The Pensions Trust eyes alternative hedging assets
The Pensions Trust has said it aims to have 20 per cent of its liabilities hedged by March 2014, as it works to build a portfolio of alternative, good-value, matching assets that will better hedge liabilities.
Defined benefit schemes looking to derisk their investment portfolios have faced a dilemma over whether to buy matching assets at yields that are perceived to be historically low.
TPT's hedging journey
- The Pensions Trust hedges both its inflation and interest rate liabilities.
- The fund originally started out with a position that was 12 per cent hedged.
- It is now at a rate of 17.5 per cent, and expects to be 20 per cent hedged by March 2014.
Defined benefit schemes looking to derisk their investment portfolios have faced a dilemma over whether to buy matching assets at yields that are perceived to be historically low.
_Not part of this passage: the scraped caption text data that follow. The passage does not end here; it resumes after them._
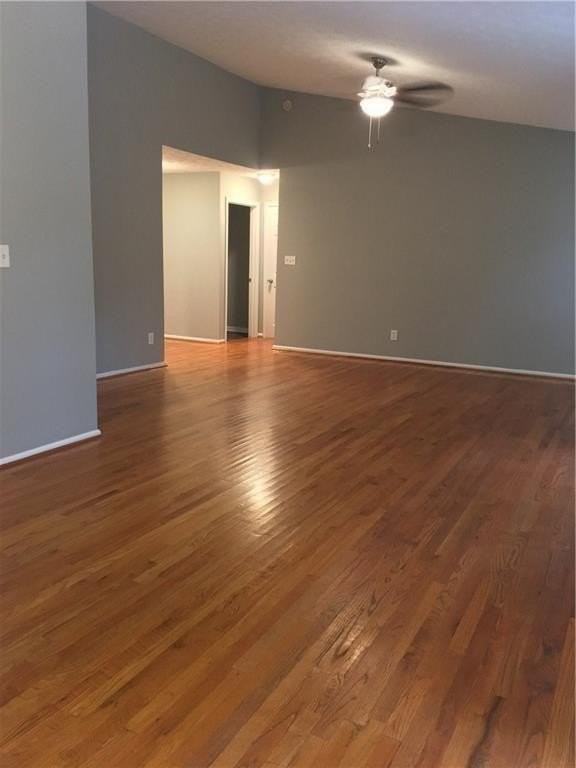 3225 Ennfield Ln - Photo 3 of 19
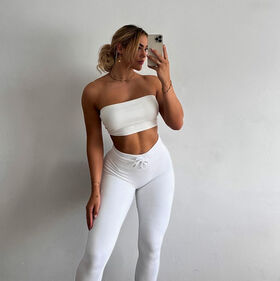 Julia Leonie Nude Leaks OnlyFans Photo 6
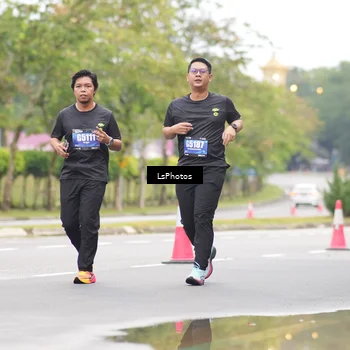 Runner Photo 5490856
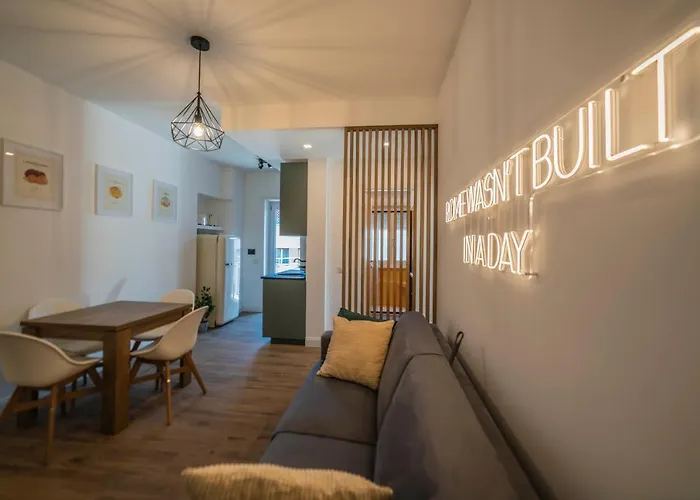 Vintage Cipro Appartement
The £5.5bn fund, which has 36 underlying DB schemes, has decided to target index-linked corporate bonds, long-lease property and ground rents as mid-way assets between gilts and return investments.
“What we wanted to do was to bring them all together into one fund and outsource it to a fiduciary manager to look after on our behalf,” David Adkins, chief investment officer at the fund, told delegates at the NAPF conference.
The scheme decided to outsource this investment mainly on capacity issues, due to its relatively small investment team, but will want to keep a close eye on the manager, he added.
“If we do see a good idea we want to be able to go to the fiduciary manager and say, ‘we’ve seen this, what do you think, is it worthy of inclusion?’”
The CIO predicted challenges in finding assets such as ground rents due to the low number of such investments on offer and the weight of institutional money heading for them.
David Druley, a managing director at Cambridge Associates, also speaking on the panel, said schemes were being left with limited options by the current low-return investment environment.
These are to lower their return targets and accept they need to pay more contributions, to “risk up” in their asset allocation, or reconfigure their liability-matching portfolio in an attempt to get value for members. “No one strategy is appropriate for every plan,” Druley said.
Delegates heard how The Pensions Trust had become trapped by the decline in gilt yields as it waited to derisk. Some of those underlying schemes had “no inflation hedging in place at all,” said Adkins.